Advice

February 19, 2007 - 10:35am -- swingbug

Last week was a rough week for Luke. He cut two teeth and had an appointment with the pediatrician involving another round of vaccinations. While waiting for the doctor, I filled out the idiot form. Oh, you’re not familiar with the idiot form? Allow me to explain. When you take your infant into Kaiser for a checkup, you get an idiot form to fill out with yes-or-no questions like, “Do you shake your baby?” or “Do you leave your baby alone in the bath tub?” All the correct checkboxes fall in the right-hand column and all the incorrect ones on the left so the doctor can quickly ascertain what breed of idiot you are and set about curing your erroneous parenting techniques.

I filled out the form quickly (parents of infants fill out all forms quickly) and three-quarters of the way down the page I noticed that two of my answers fell in the wrong column. “Do you put your baby to bed when (s)he is drowsy but not asleep?” “Does your baby sleep through the night?” No and no. Uh-oh. There’s a lecture coming.

Now my pediatrician is pretty cool. She listens well and is generally not into unnecessary medication or procedures, which I appreciate. But she’s a good Kaiser doctor nonetheless and she’ll read the form and address the idiot questions.

“Hmm,” she says, holding the form. “Not sleeping through the night?”

“A couple of times,” I say, trying not to wince.

“And what do you do when he wakes up?”

Trick question. “Pick him up?” I offer with rapidly disappearing confidence. “Then I feed him and rock him back to sleep?”

My doctor then begins to tell me, gently, that Luke is entering the age where he will begin to realize that his actions can effect my actions and that we could be creating some bad habits.

Ah, the cry-it-out debate. It goes something like this: if you don’t teach him to put himself back to sleep, he’ll never learn. I’ve heard it from friends and medical professionals alike.
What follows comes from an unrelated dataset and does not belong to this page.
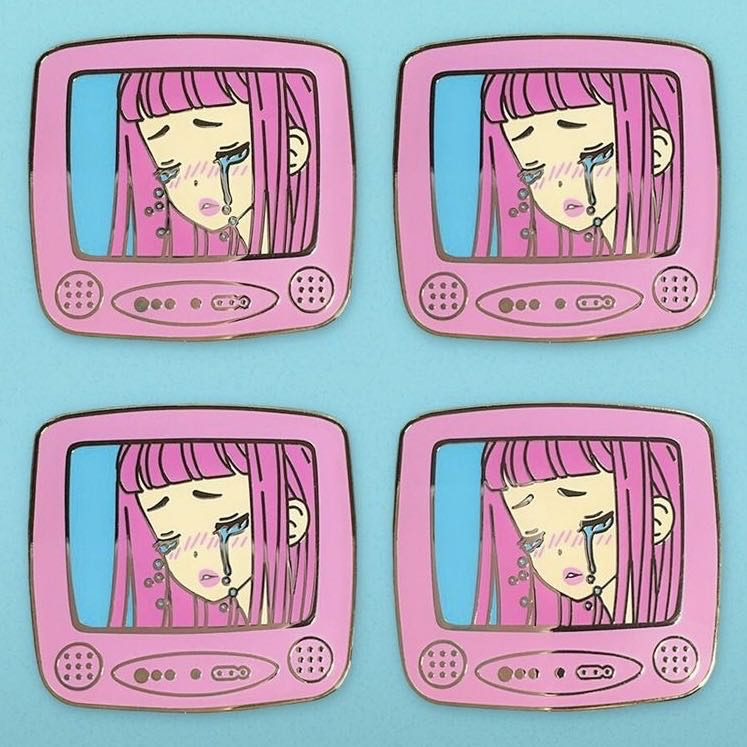 Tv Girl - Enamel pin collectible - Main Image 2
When my child cries in the middle of the night, I’m supposed to let him cry it out (presuming nothing is legitimately wrong, and how I’m supposed to establish that without picking him up and going through the list is a mystery to me). Twenty minutes, they say. Let him cry for twenty minutes and he’ll tucker himself out.

I’ve resisted this advice thus far. It’s hard for me to imagine that my four-month old infant is deliberately and maliciously manipulating me.
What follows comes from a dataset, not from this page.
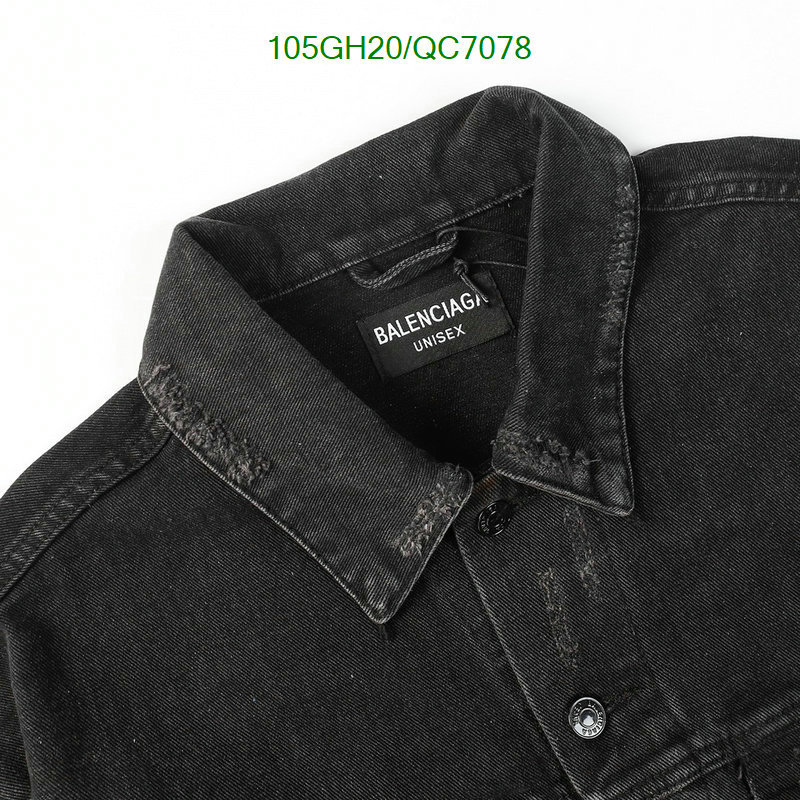 Balenciaga-Clothing Code: QC7078 $: 105USD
Luke generally wakes up twice in the night: once around 2 a.m. and again around 5:30 a.m. I take the first shift, changing his diaper and feeding him until he drops back off to sleep. Shawn takes the next shift, when he changes him again, if necessary, and then delivers him to me in bed for a snack. He finishes off the morning cuddling with us in bed. It’s do-able. I like our mornings together. He wakes up smiling and cooing, snug and secure. Sure, it’d be nice to sleep for 8 hours straight, but at what cost? Is it worth nights of lying in bed in a puddle of milk and guilt while I listen to my child scream for me?

A friend and fellow parent told me, “It won’t hurt him. The only person you’ll be hurting is yourself.”

I’m not so sure.

He could be cold. He could be hungry. He could be wet. He could just be lonely and scared. Is this how you teach an infant self-reliance? Forgive me for being sensitive, but it seems like all I’ll be teaching my son is that he can’t depend on me to be there when he needs me.

I’m the mommy. I’m supposed to make it all better. That’s my job.

I remember what it was like to be alone and scared in the middle of the night as a child. (Shoot -- sometimes I still feel that way.) My parents’ door was always open to me. And I still turn to them for help in moments of doubt. So when I finished with the pediatrician, of course I called my mom.

“Maybe with some kids, at some point, you have to go down that road,” she tells me. “I never did it with you or your sister. I just couldn’t. Follow your instincts, honey.”

Fast-forward to the wee hours of the next morning. I return to bed with Luke in my arms at 5:45 a.m. Shawn rolls over bleary-eyed and looks at the clock.

“I’m sorry,” he says. “It’s my shift.”

“Shift, nothing,” I reply. “This is the first time he’s woken up tonight.”

Shawn blinks. “He slept 7 hours?”

“Seven hours and forty-five minutes.”

“Wow.”

“Uh huh.”

Luke settles into his snack and Shawn and I smile in the dark over the top of his head. “Good boy.”

Thank you very much for your advice, Doctor, but I think we’re doing okay.